I pierced a cherry tomato and it squirted onto my blouse. I rubbed the stain with my napkin. That smudged it even more and turned it pink. At least it matched my lipstick and earrings.

“Give Paul a few days. He’ll come out of it,” I said.

“Maybe. I swear, I’m not going to expose what I’m thinking to him any more. He clearly can’t handle it,” Sabrina said.

The waiter arrived with a very large steak on a white plate and put it down in front of her. “Will that be all?” he said.

Sabrina waved him off and dug in. Blood oozed out in all directions. She cut the entire thing into bite size pieces and then put her knife and fork down.

“That was better than therapy,” she said finishing off her drink. “Let’s get out of here.”

Calvin says, “What a tragedy! At least ask for a doggie bag!”

Conversations on the Run3

“There’s something cool about donating blood,” one woman said to another.

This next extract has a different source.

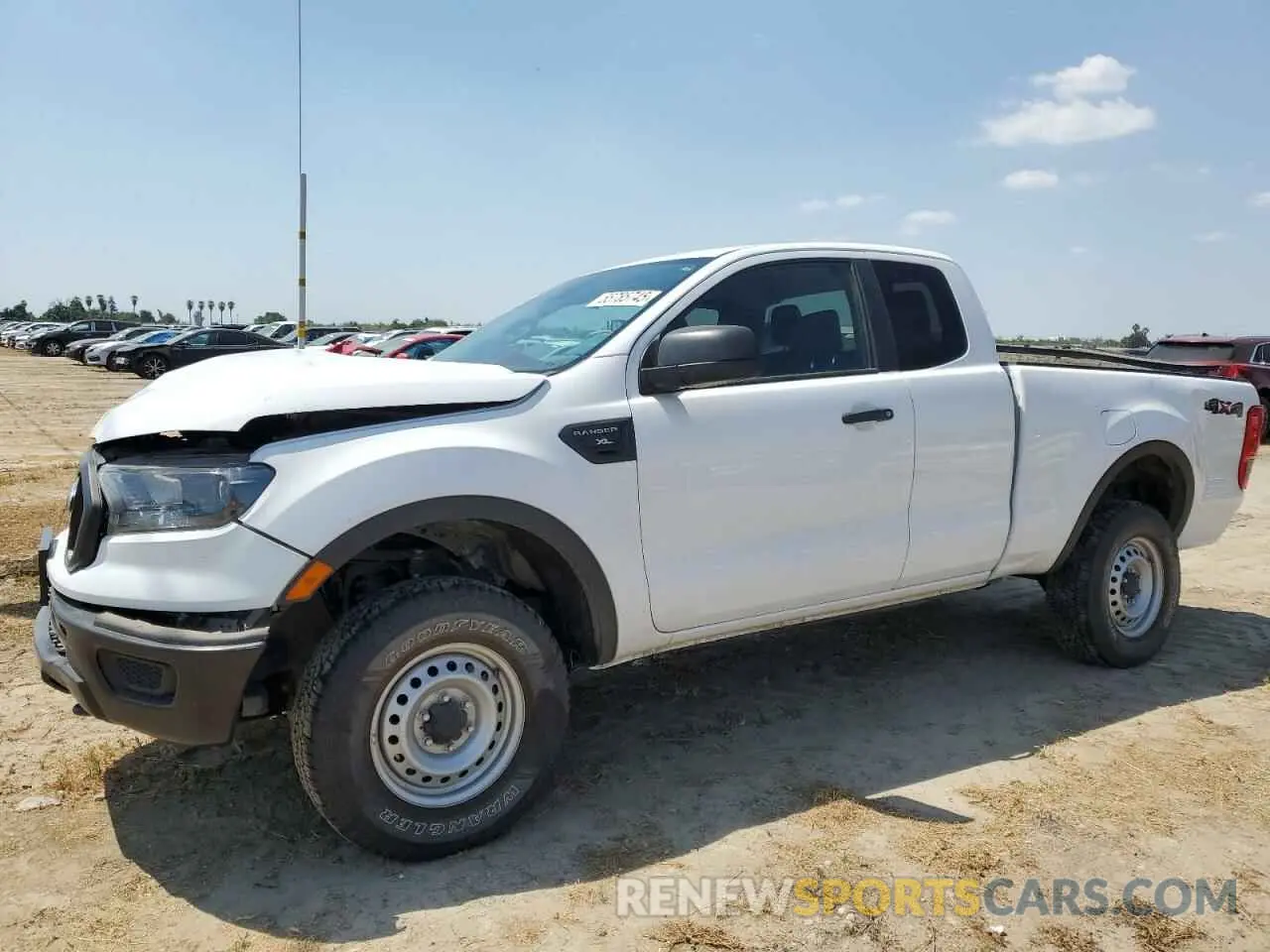 1 fotografías del automóvil dañado 1FTER1FH7MLD77427 FORD RANGER 2021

“Yes, it goes into somebody else,” the other said.

“And then it makes you look intently at people’s eyes on the street to see if you recognize them,” said the first.

 

“It’s a shame paramedics don’t work on commission.”

 

“Do they use real blood in the movies?”

“Yea, just head into the truck that’s parked on the lot.”

“Is it a Red Cross truck?”

“No, a Paramount truck.”

 

“I couldn’t paint yesterday. The moon wasn’t in the right place.”

 

A friend asked a recent immigrant what his first words in English were. “Paper or plastic?” he said.

 

“I’ve outgrown my hair.

 

“It’s sad that the best compliments I get are from a fortune cookie.”

 

“I sunburned my plums.”

 

“I’m the third generation of wandering souls. I’m real good at leaving.”

 

“She’s in love and she hasn’t met him yet.”

Center Stage

People don’t want to be fixed. They want to be loved. They want somebody to listen to them. They long for the spotlight. To be the center of the universe, even if the universe is a family, a club, or an office. There are some who demand a larger stage. They become actors and politicians. Where do these people go when time catches up to them? They write memoirs, of course. They believe their audience still cares. Like Tony Blair. I bought the book. I read four chapters. Yawn. It proves once again that nothing interests people so much as themselves.

Calvin says, “That’s why a dog is still a man’s best friend. We keep the illusion going.”